DVD Review: Norman Mailer: The American

It would probably be impossible to make an uninteresting documentary about the life of Norman Mailer, and director Joe Mantegna's Norman Mailer: The American is not interesting. It is absolutely fascinating.

Relying on a wealth of film of the never-camera shy author himself interwoven with revealing commentary from wives and lovers, friends and enemies, Mantegna creates a warts and all portrait of a complex man, who at times managed to be a writer of genius, at times an egomaniacal reprobate.

For all his flaws, and there were many of them, Mailer, who passed away in 2007, had the kind of personality that could infatuate some, infuriate others. Those that loved him seemed to love him no matter what he might do; for those that hated him, he could do nothing worthwhile.

Mantegna begins with some information about Mailer's parents, his childhood, and even his early writing success with a prize winning short story while at Harvard, but the real focus of the film is the prominence that he achieved with his debut novel The Naked and the Dead, a book many people still consider his finest piece of work. This is a man who had six wives, nine children, and who knows how many mistresses. This is a man who managed to get a murderer freed from prison only to have him murder again; a man who stabbed his second wife and persuaded her not to press charges; a man who marched on Washington to end the Vietnam War, and can be seen in a movie doing his best to bite off Rip Torn's ear.
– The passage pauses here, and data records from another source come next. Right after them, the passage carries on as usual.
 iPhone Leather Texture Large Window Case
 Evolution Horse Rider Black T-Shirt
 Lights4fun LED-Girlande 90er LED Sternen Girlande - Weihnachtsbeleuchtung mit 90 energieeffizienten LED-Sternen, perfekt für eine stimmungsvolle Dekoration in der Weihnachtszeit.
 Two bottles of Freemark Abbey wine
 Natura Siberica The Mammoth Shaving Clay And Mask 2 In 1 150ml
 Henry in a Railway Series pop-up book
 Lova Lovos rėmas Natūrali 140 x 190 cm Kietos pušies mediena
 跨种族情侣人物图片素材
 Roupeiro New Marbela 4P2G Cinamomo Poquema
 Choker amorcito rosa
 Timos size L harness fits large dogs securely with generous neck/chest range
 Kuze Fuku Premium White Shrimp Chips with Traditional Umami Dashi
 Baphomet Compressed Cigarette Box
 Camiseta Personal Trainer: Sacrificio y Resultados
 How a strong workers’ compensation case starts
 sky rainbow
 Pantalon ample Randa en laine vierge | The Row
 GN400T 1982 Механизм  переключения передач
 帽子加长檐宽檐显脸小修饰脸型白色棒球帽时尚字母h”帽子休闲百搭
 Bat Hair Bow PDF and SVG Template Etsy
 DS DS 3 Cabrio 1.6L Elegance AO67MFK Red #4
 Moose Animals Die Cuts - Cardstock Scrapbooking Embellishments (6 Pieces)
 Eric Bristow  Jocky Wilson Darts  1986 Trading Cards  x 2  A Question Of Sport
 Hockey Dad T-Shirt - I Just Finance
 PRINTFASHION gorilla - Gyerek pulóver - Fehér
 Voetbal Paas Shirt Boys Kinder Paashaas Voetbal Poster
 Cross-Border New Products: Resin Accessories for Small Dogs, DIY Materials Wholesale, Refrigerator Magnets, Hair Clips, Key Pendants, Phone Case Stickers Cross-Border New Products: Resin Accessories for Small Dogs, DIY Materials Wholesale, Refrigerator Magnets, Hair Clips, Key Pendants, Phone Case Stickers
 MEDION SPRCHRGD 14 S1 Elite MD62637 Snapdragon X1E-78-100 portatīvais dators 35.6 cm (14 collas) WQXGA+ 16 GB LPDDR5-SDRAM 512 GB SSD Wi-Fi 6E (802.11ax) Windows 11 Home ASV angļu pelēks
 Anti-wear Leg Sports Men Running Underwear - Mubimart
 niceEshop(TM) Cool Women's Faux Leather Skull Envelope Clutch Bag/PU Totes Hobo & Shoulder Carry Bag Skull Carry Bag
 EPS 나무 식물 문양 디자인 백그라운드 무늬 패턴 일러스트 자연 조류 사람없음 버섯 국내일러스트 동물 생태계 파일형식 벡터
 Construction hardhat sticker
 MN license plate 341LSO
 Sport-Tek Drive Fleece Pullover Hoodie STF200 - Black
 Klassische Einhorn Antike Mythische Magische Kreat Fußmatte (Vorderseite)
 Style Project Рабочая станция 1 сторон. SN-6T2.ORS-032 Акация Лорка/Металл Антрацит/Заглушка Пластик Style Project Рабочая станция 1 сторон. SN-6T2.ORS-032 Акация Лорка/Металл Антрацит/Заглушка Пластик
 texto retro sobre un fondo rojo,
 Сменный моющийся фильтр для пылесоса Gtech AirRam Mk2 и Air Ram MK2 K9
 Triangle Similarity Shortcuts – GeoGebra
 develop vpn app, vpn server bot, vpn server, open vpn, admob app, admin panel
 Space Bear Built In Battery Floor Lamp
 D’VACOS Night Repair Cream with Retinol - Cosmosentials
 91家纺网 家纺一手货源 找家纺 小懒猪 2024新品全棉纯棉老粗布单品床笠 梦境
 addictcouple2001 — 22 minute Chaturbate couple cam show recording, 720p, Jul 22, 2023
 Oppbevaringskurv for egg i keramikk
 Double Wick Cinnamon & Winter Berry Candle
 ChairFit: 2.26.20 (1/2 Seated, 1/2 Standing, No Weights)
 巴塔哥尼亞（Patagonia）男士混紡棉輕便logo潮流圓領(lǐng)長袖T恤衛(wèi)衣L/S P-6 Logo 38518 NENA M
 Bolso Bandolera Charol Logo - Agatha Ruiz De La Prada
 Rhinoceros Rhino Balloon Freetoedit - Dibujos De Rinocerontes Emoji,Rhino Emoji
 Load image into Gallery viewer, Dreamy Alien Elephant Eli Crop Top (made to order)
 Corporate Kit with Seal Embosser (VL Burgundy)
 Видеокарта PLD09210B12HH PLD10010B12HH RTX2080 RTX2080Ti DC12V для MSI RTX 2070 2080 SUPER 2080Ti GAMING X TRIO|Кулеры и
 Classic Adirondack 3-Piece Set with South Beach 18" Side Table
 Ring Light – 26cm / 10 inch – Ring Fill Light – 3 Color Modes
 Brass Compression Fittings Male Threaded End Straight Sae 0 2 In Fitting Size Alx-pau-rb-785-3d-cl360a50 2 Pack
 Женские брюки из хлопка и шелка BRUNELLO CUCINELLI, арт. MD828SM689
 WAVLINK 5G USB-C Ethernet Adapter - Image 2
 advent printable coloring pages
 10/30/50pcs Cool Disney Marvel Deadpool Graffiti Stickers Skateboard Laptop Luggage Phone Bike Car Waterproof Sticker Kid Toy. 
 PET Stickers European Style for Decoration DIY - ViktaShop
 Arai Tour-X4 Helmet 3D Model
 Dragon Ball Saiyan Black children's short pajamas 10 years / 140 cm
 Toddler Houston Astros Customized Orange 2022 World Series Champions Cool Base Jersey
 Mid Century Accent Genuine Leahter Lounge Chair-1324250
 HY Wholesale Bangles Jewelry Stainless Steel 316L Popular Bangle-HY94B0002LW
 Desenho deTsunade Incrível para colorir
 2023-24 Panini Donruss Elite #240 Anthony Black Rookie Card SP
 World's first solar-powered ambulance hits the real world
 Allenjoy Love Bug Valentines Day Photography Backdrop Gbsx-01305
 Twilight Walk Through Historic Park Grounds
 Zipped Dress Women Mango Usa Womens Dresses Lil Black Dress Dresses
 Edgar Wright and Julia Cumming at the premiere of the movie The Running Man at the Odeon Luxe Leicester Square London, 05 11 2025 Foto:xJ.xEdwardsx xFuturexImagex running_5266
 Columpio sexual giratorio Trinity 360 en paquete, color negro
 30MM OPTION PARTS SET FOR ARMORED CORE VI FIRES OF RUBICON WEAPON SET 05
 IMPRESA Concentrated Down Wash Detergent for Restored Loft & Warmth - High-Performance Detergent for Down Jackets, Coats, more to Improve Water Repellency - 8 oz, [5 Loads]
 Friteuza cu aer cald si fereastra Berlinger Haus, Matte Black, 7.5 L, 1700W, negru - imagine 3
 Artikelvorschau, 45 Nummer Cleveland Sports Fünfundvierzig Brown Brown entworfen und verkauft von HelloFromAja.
There is a good deal about Mailer's writing. "Why do I write?" He has said: "Why did I start to write? Because it was the only thing I was good at and I wanted to be more attractive to the girls." That's Mailer at his best, a little false modesty, a bit of a wink, and you know damn well he doesn't mean a word of it. The critical failure of the novels he wrote after the phenomenal success of his first book left him seriously depressed. He turned to journalism and non-fiction, and in effect invented his own new genre for his reportage—History as a Novel/The Novel as History: creative non-fiction. He wrote about people and he wrote about events. Eventually he returned to the novel, and once a again found acclaim. He won two Pulitzer Prizes and was still writing up to his death. He never took his craft casually.